A U.S. bankruptcy trustee has accused the family of Westchester funeral home director Joseph Balsamo of helping him dodge creditors.
Balsamo, with the cooperation and assistance of his family “structured his financial affairs to insulate himself from … the debts owed to the IRS and other creditors,” the trustee claims, “and engaged in a fraudulent scheme to divert and conceal income.”
Marianne T. O’Toole, the trustee, sued Balsamo’s mother, Melinda Balsamo of the Bronx, brother John Balsamo of Ridgefield, Connecticut, and the family’s funeral home business, Jan. 6 in U.S. Bankruptcy Court, White Plains.
Balsamo’s bankruptcy attorney, Joseph Reilly, of Goshen, did not respond to an email request for comment.
The family business includes Harrison Funeral Home, Harrison; Balsamo-Cordovano Funeral Home, Carmel; Balsamo Funeral Home, the Bronx; and 15 Church St. LLC, a holding company that owns the Carmel property.
Balsamo, of Ardsley, petitioned for Chapter 7 liquidation two years ago, declaring $5,230 in assets and $1,135,721 in liabilities.
He owed $518,978 in federal and state taxes, $319,113 to several companies that won a court judgment against a defunct Bronx produce company he owned, and $290,350 to Santander Bank.

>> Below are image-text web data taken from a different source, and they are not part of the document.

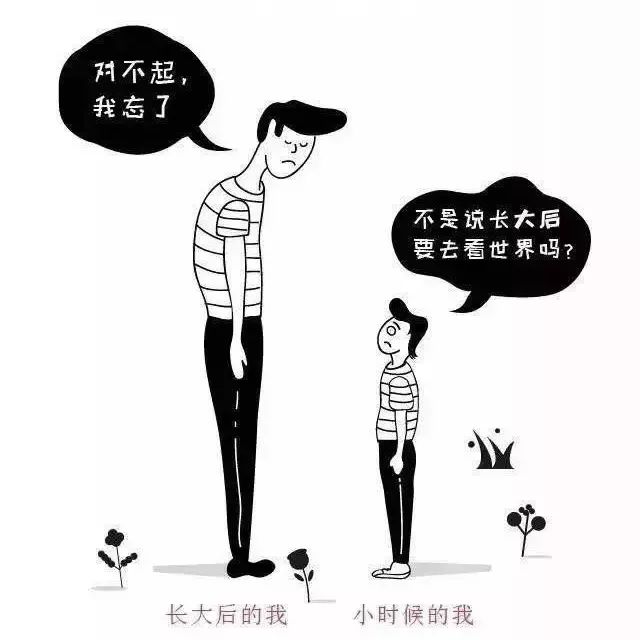 5ef05b1cda837.jpg 5ef05b1cda837.jpg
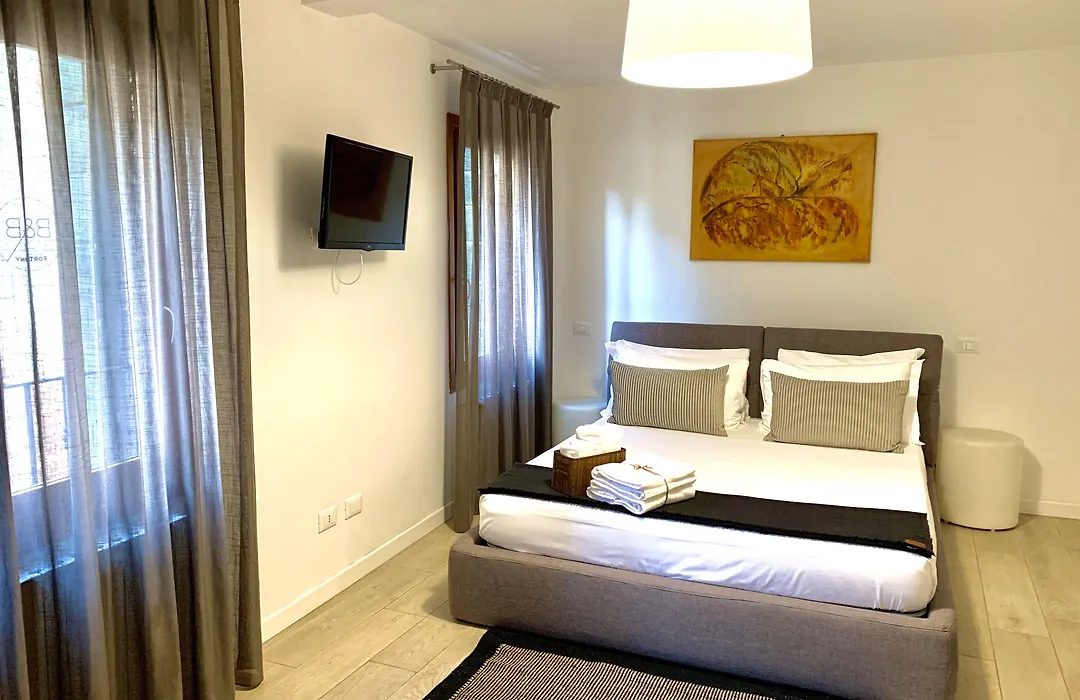 B&B Fortuny-1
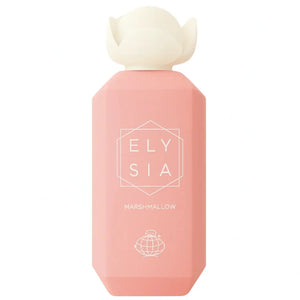 Elysia Marshmallow Eau De Parfum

He was employed as director of Balsamo Funeral Home in the Bronx, according to the petition, where he worked for 30 years and where he made $85,800 in 2017.
But when he testified in 2019 at a creditors meeting, he said he never held any shares in Balsamo Funeral Home, he did not have a bank account and he did not receive a paycheck.
Instead, according to the lawsuit, he said he received a weekly cash allowance from the family funeral homes, the businesses paid support payments to his estranged wife, and he used his mother’s debit card for personal expenses.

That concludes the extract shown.